--- Supplied records Enclosed Below ---

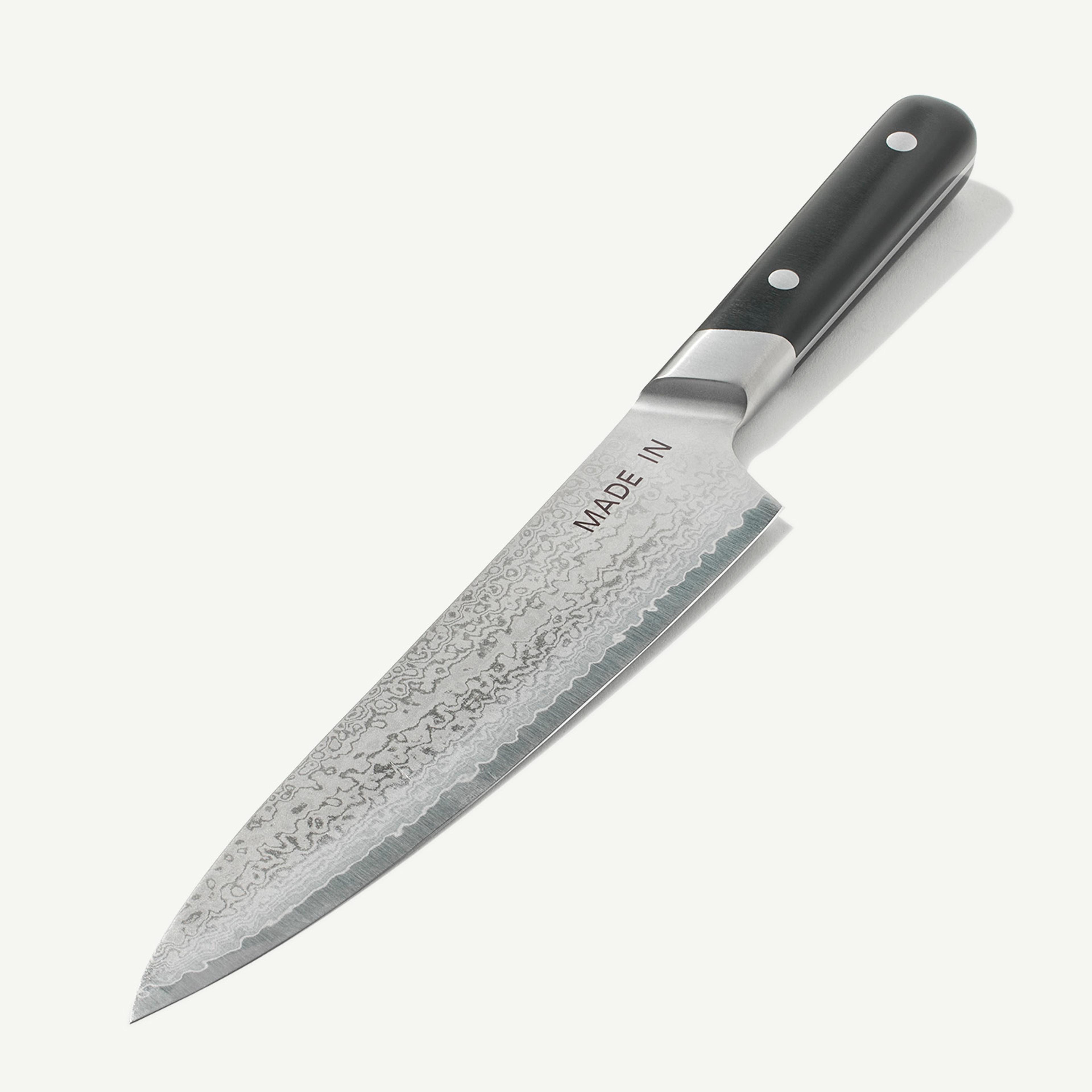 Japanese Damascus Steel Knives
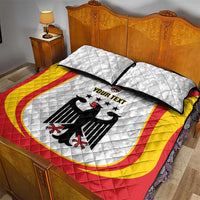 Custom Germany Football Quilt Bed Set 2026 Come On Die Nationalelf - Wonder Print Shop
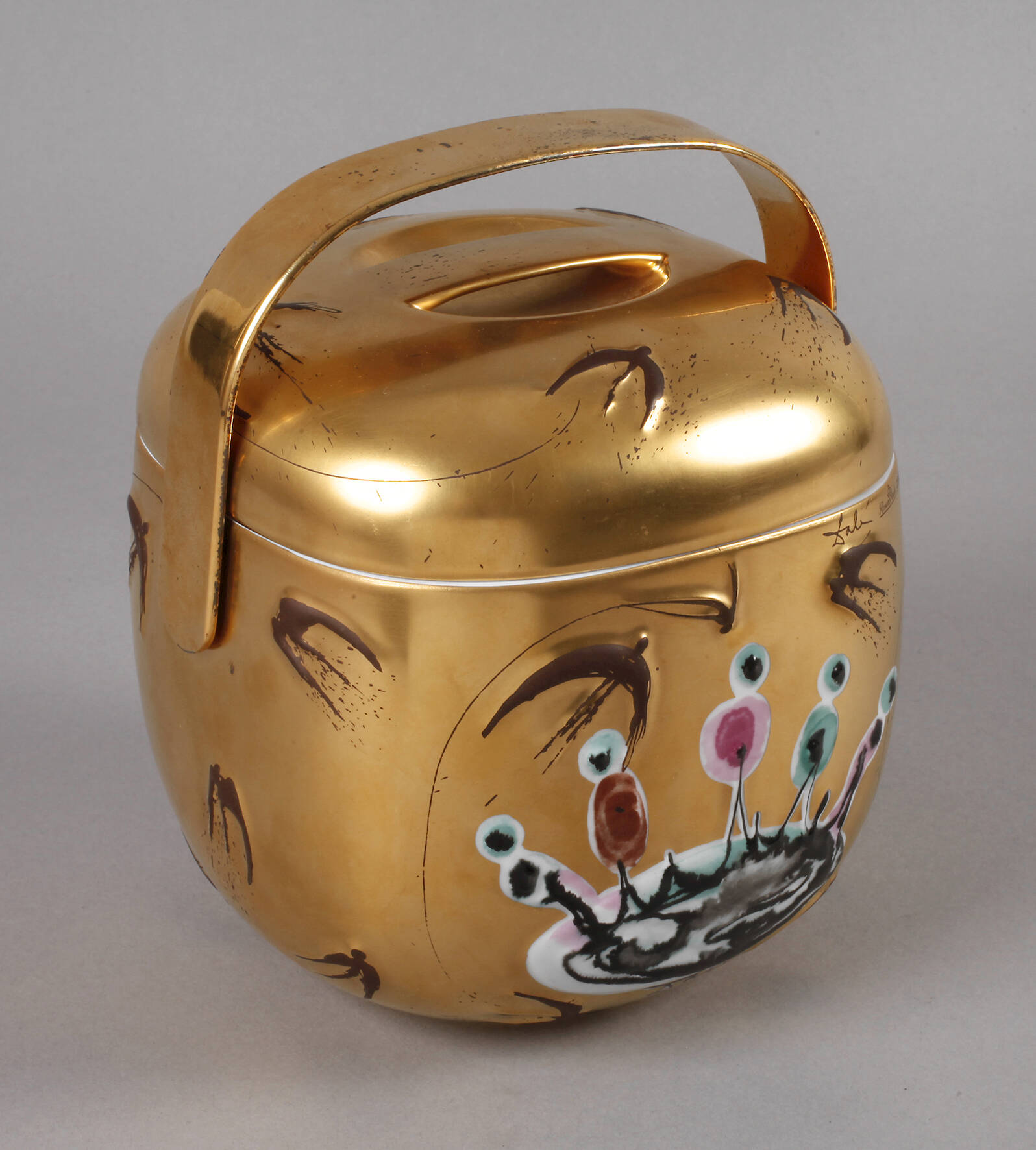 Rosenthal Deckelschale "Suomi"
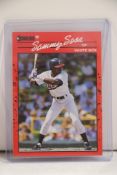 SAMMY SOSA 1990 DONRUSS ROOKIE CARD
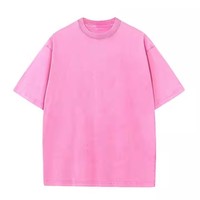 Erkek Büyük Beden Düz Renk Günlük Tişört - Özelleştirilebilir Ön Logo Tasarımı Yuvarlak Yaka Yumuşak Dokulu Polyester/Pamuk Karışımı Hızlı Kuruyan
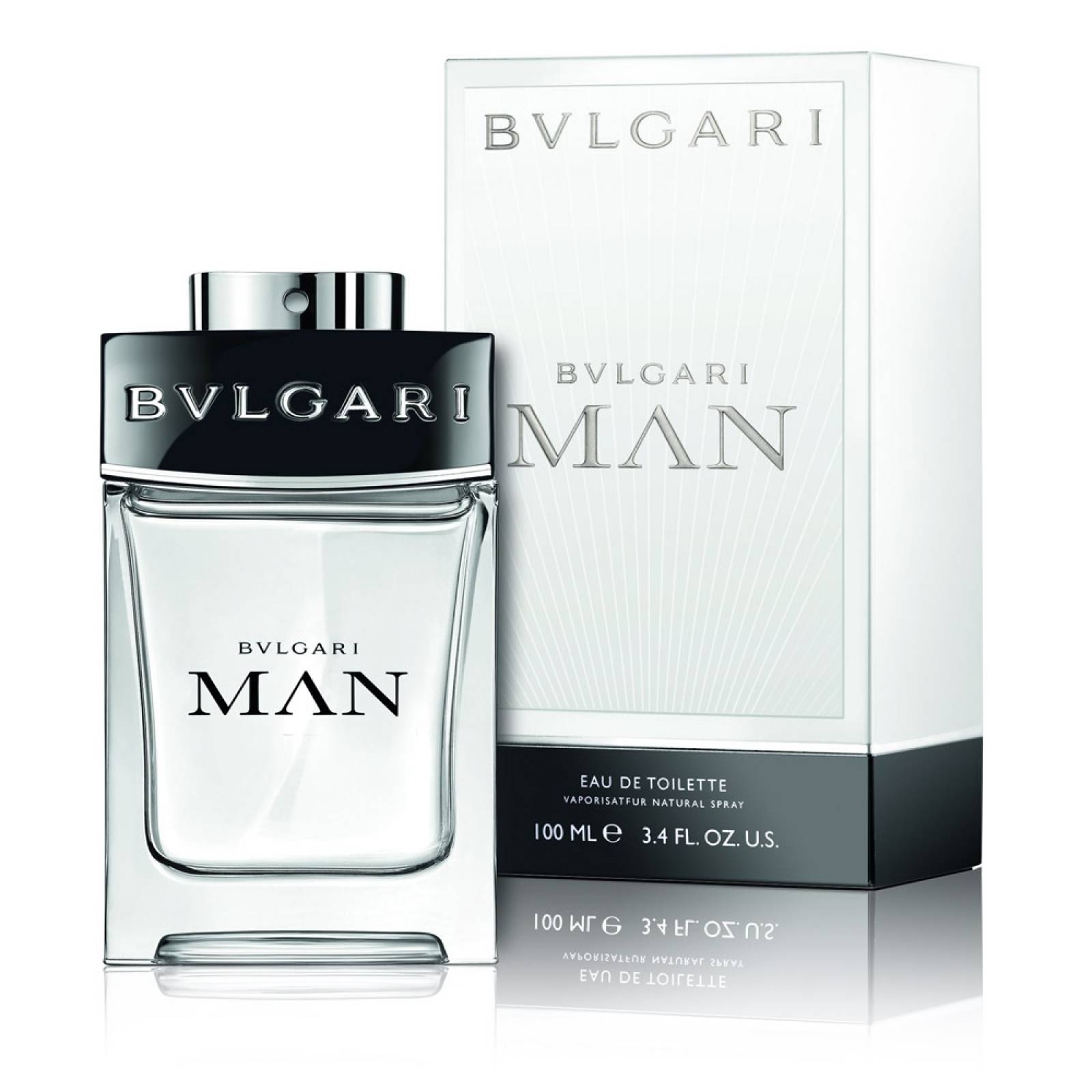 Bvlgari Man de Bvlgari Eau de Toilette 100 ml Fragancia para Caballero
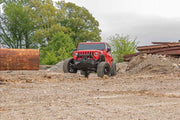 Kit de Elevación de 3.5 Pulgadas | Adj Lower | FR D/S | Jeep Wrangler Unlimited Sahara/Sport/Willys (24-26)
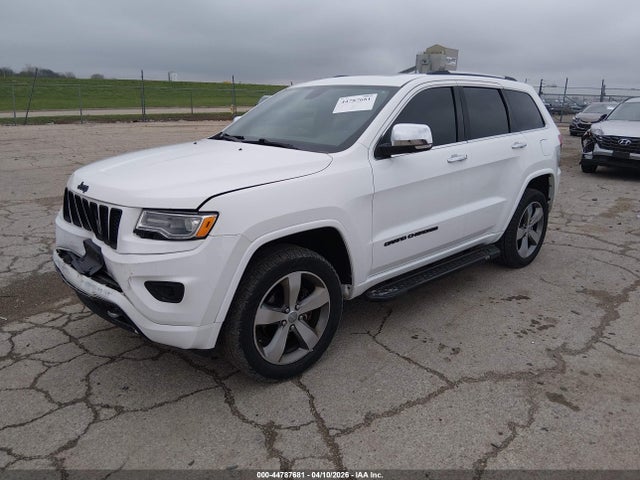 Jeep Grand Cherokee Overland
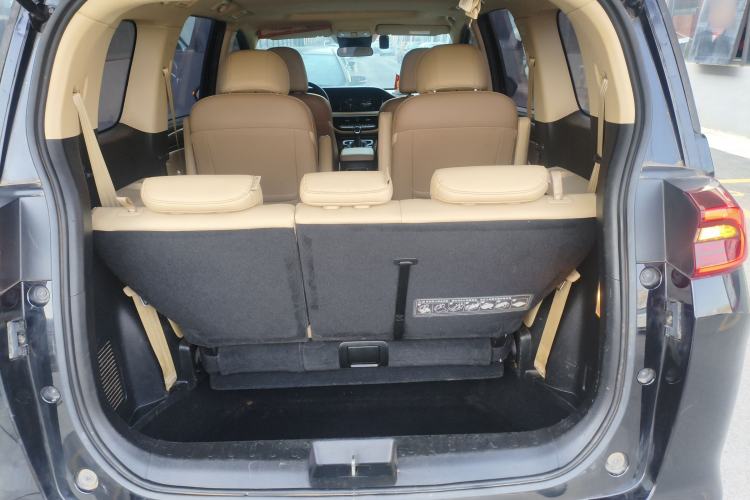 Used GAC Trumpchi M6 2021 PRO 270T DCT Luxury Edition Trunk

--- End of Enclosed Supplied records ---

| Assignment |
In the records above, find the line containing "Jeep Grand Cherokee Overland" and restate it and every line after it word for word, all pictures excluded.

| Answer space |
 Jeep Grand Cherokee Overland
 Used GAC Trumpchi M6 2021 PRO 270T DCT Luxury Edition Trunk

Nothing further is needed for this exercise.